Joanna Coles visits Brown

On September 15, the Brown Institute welcomed Joanna Coles, Hearst’s first Chief Content Officer. Coles spoke to about 100 students on the lawn outside the Mathematics Building on the Columbia Campus. Just a week before her visit, Coles was promoted from Editor-in-Chief of Cosmopolitan, a position she held since 2012, to the head of content at Hearst.

We asked her about her time as a journalist, an editor and now as a collaborator with technology firms. Coles spoke of her experiences with platforms like Twitter, Facebook and Google. Personally? “Twitter is an art form,” she said. But professionally, she’s seen friction between tech and “content,” the stories we prize as journalists. Part of her new job is to figure out whether Hearst should try to repackage its material to reach the audiences of a particular platform, or partner with tech startups to create new platforms and build new audiences starting with Hearst content. Coles is a member of the board of Snapchat, and described her experience designing Cosmopolitan content for the app’s new Discover feature. Coles said that Shapchat’s Discover is “the hottest emerging platform for news.” We also asked Coles about other aspects of the tech and content divide, including the well-known gender gap in fields like computer science.

 

In addition to tech talk, we asked Coles about Cosmopolitan. Just a day before her visit, the magazine had published a controversial interview with Ivanka Trump. Coles said “I’d like to think the Cosmo reader wants to know about mascara and the Middle East.” She gave credit to Helen Gurley Brown, longtime Cosmopolitan editor and founder of our institute, for changing the magazine and producing real journalism. Of course she also said that HGB would probably have been the first to take a selfie or to send a sext. Finally, Coles commented on Cosmopolitan as a magazine. Despite her commitment to new platforms, she believes print will survive. Her own media diet includes time alone with stacks of magazines “absorbing the nutrients.”
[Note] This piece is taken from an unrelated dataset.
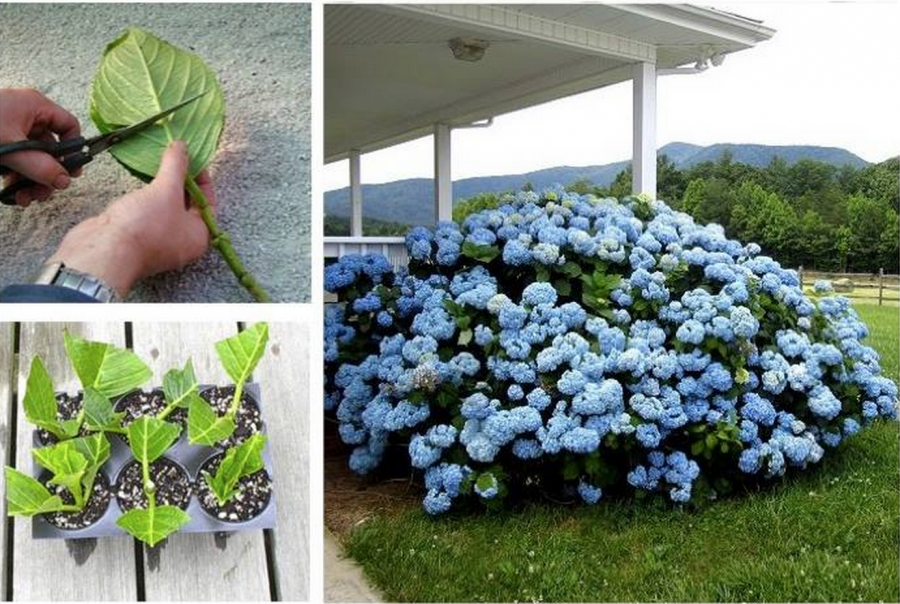 Ideas & Products Grow Hydrangeas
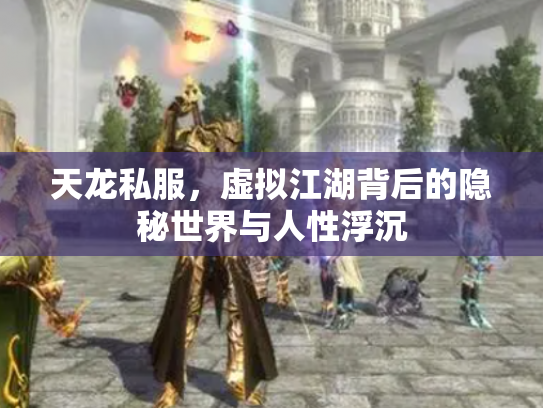 天龙私服，虚拟江湖背后的隐秘世界与人性浮沉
Coles also had some advice for our students. The rate of change in our industry is only accelerating, and this cohort is facing a complex, yet exciting, world of new platforms and new opportunities for journalism. New journalists, she said, need to be well informed and pay attention “when everyone else turns away.” As for a work ethic? “You’re not working hard enough!”  She also spoke about the strength of loose ties in finding your next job. Oh and when we offered her a bottle of champagne in gratitude for her time at Columbia she advised, “Never drink on a story. It’s the path to ruin and madness.”